Records from a data source:
----

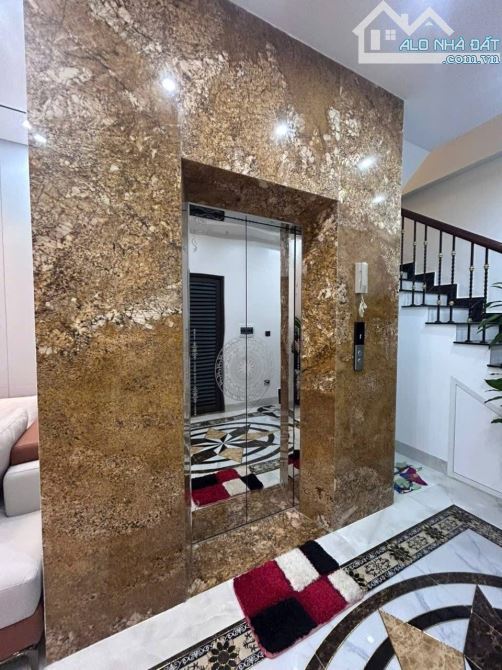 Hàng kín - Rẻ nhất thị trường - chủ gửi bán nhà phố Thái Hà, 36m x 6T, thang máy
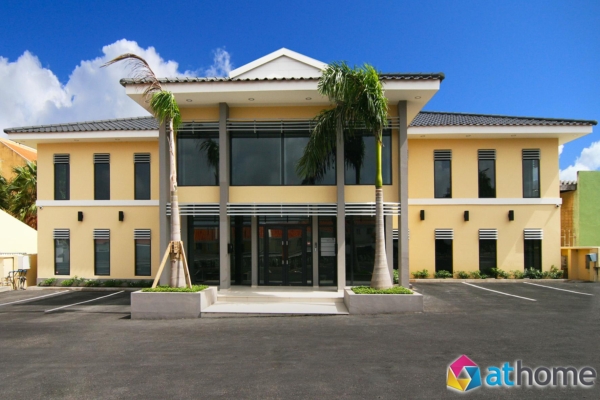 High end office space Julianaplein Punda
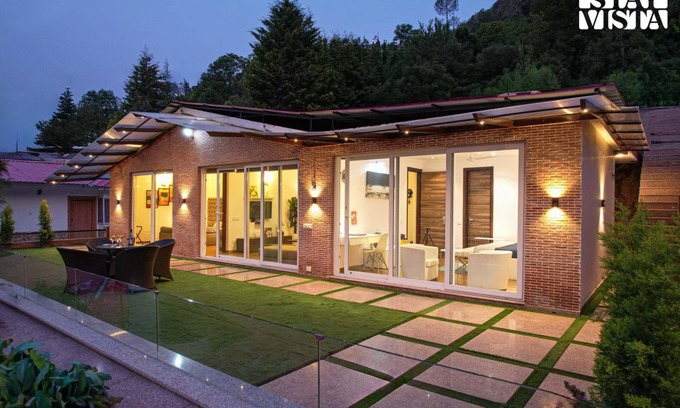 Bhimtal Villa | 325 m² Villa ∙ 3 bedrooms ∙ 6 guests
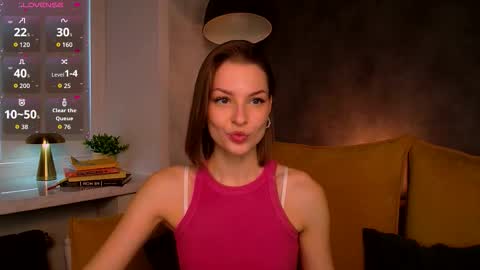 Snapshot of oliviaduvall chatting on October 23, 3:52 am Miss Olivia Duvall online show from October 23, 3:52 am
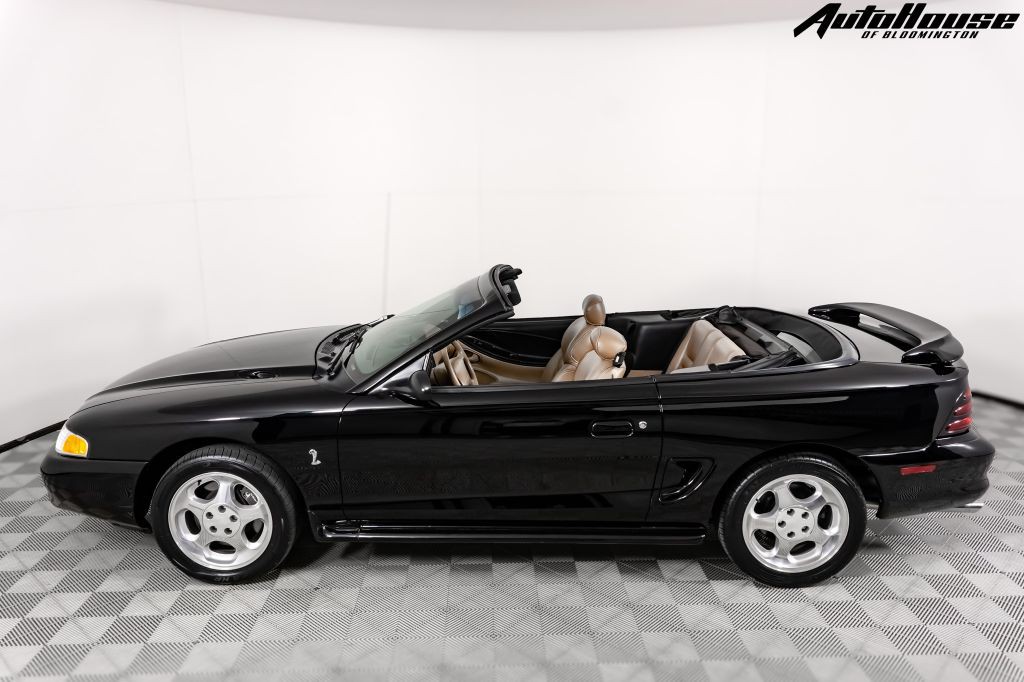 1995 Ford Mustang Image 39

----

• **Aim of the exercise**: Only the lines from the one containing "High end office space Julianaplein Punda" through the last line of the entries should be transcribed, exactly and with no pictures.

• **Response box**:
 High end office space Julianaplein Punda
 Bhimtal Villa | 325 m² Villa ∙ 3 bedrooms ∙ 6 guests
 Snapshot of oliviaduvall chatting on October 23, 3:52 am Miss Olivia Duvall online show from October 23, 3:52 am
 1995 Ford Mustang Image 39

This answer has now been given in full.